# PaintScope ... anyone use?



## Repaint Florida (May 31, 2012)

has anyone used or heard of paintscope? 

http://www.paintscope.com/index.php/page/about


----------



## Bender (Aug 10, 2008)

I do the same thing with google maps. Its pretty accurate too.


----------



## Hines Painting (Jun 22, 2013)

Interesting....whats the cost?



Bender-how do you do it with google maps?


Sent from my RM-820_nam_att_100 using Tapatalk


----------



## Bender (Aug 10, 2008)

Like this.


----------



## Repaint Florida (May 31, 2012)

http://paintscope.com/#tab-simple
maybe this link will work


----------



## Savdog01 (Aug 28, 2012)

Hines,

You can't use the new google maps for this feature. Heres you a link for it though with directions.

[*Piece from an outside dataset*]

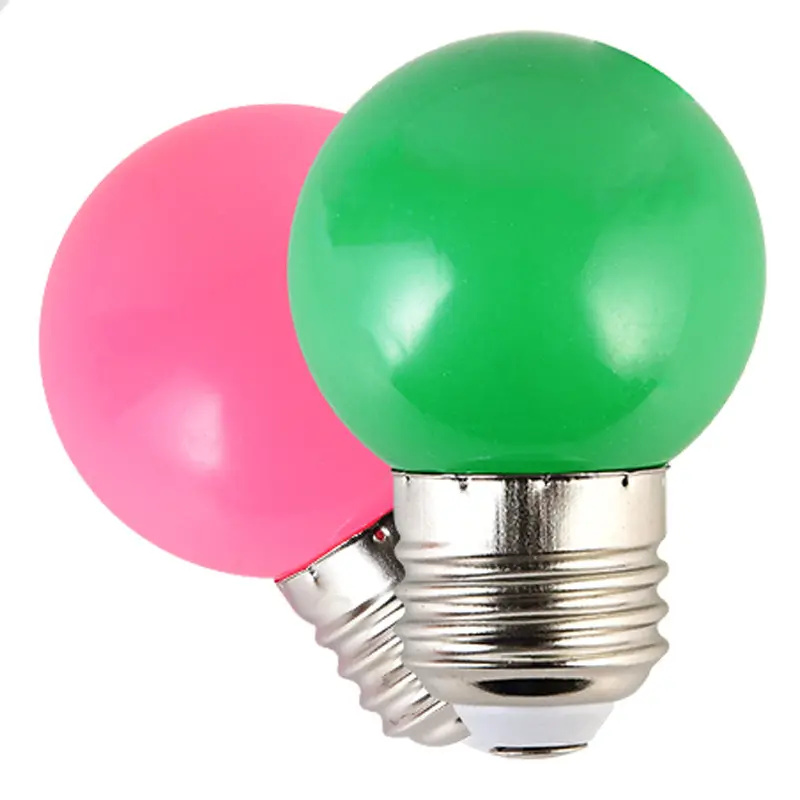 E27 magasin vacances publicité enseigne décorative multi couleurs économie d'énergie pas de stroboscope éclairage doux led mini ampoule lampe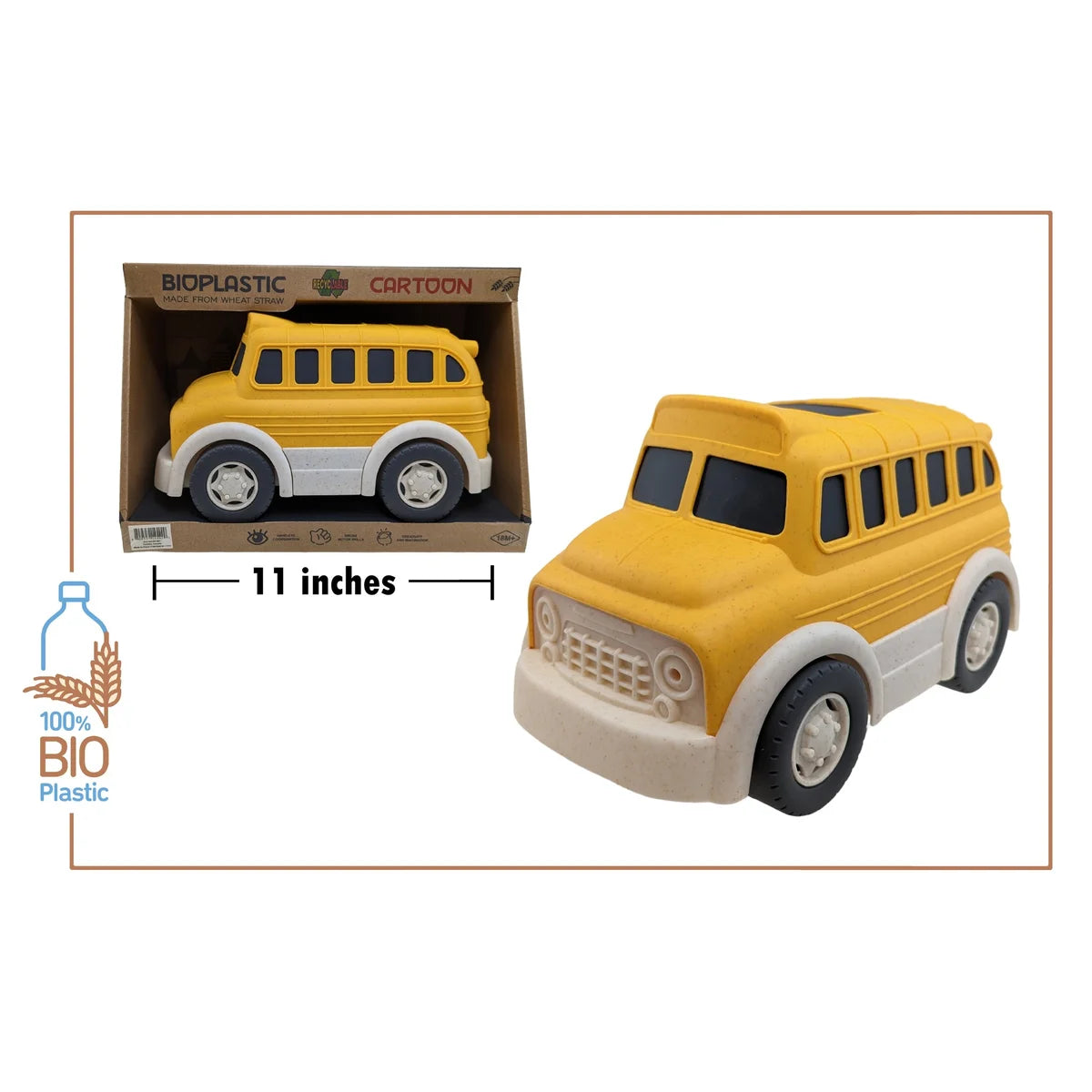 school bus | bio plastic truck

https://support.google.com/maps/answer/3045828?hl=en

then to measure

https://support.google.com/maps/answer/1628031?hl=en

Hope this helps.


----------



## SwatchDeck (Mar 15, 2014)

Seems like a very cool idea for getting measurements of a surface, especially for roofs and gutters. But nothing replaces the actual site walk. A walking measure wheel, a laser measuring device, and spreadsheet seem like a good solution as well. I would rather be 90% accurate, than a third party telling me they are 95% accurate. What happens when that 5% costs you thousands? Who pays then?


Brad Bolinger
Painting Oregon Inc.
SwatchDeckapp.com


----------



## richmondpainting (Feb 24, 2012)

this really wouldn't help me but I use "eagle view" for all my roof quotes... $18 and I know the square footage...if i get the job I can order another report and it will tell me how much cap..ridge vent... every thing I need....

Great tool....


----------



## Hines Painting (Jun 22, 2013)

I just like the idea of having all that info in my bid packet. Makes it super professional looking, in my opinion.


----------